Check out this sales agent resume guide to create an attention-grabbing sales resume .

#16. Receptionist Cover Letter Example

Cover Letter Example for Receptionist

  • Modern but minimalistic cover letter template. The template’s design hints the candidate is creative but professional at the same time. 
  • Uses a catchy introduction. The candidate has used an attention-grabbing opening paragraph to catch HR’s attention. 
  • Concludes the cover letter formally. The candidate proves that they’re polite and well-spoken, a quality very much important for the role they’re applying for. 

Take your receptionist resume to the next level with this receptionist resume guide .

#17. Information Technology Cover Letter Example

Cover Letter Example for Information Technology

  • Mentions measurable achievements. Numbers make an impact, which is why this candidate has included measurable achievements. 
  • Lists both soft and hard skills. The candidate has mentioned a great mix of soft and hard skills, showing how well-rounded they are. 
  • Contains relevant contact information. The candidate’s GitHub, website name, LinkedIn, and Twitter profiles are all great additions to the resume. 

Looking for tips to help you write a great IT resume ? Check out our guide!

#18. Real Estate Cover Letter Example

Cover Letter Example for Real Estate Agent

  • Ideal length. Short and to the point, this cover letter is bound to get noticed by the HR manager. 
  • Wraps up with a call to action. This candidate reinforces the HR to call them back through a final call to action. 
  • Mentions the right skills. On top of their sales accomplishments, the candidate touch upon important soft skills such as customer service and communication . 

This real estate resume guide will help you take your resume from good to great.

#19. Teacher Cover Letter Example

Cover Letter Example for Teacher

  • Mentions relevant contact information details. This candidate has included optional (but relevant) contact information details, such as their LinkedIn, Quora, and Medium profiles. 
  • Achievement-oriented. The candidate has elaborated on their achievements in more detail throughout their cover letter. 
  • Highlights the candidate’s passion. For some jobs, being passionate is much more important than for others. Teaching is one of these jobs, which is why this candidate explains their passion for the job. 

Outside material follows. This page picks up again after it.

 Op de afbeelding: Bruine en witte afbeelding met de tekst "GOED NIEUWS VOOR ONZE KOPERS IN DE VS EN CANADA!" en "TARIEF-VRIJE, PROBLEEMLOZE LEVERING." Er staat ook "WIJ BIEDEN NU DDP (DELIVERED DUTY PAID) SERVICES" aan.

Our guide on how to write a teacher resume has all the tips you need to land the job.

#20. Project Manager Cover Letter Example

Cover Letter Example for Project Manager

  • Leverages a catchy introduction. Through a catchy introductory paragraph, this candidate is sure to grab the HR’s attention and get them to read the rest of their cover letter.
  • Lists measurable accomplishments. This candidate explains exactly what they’ve achieved using numbers and hard data. 
  • Personally greets the HR. A personal greeting sounds much better than “Dear Sir/Madam,” and the candidate knows this. 

This guide on how to write a project manager resume can help you perfect your appication.

#21. Paralegal Cover Letter Example

Cover Letter Example for Paralegal

  • Minimalistic cover letter template. This cover letter design looks good but doesn’t steal the show from the candidate’s abilities. 
  • Mentions the candidate’s academic achievements and extracurricular activities. Although the candidate is a recent graduate, they’ve used the cover letter to explain they have enough skills and achievements to do the job. 
  • Lists measurable achievements. The candidate proves they did well in their internship by mentioning quantifiable achievements. 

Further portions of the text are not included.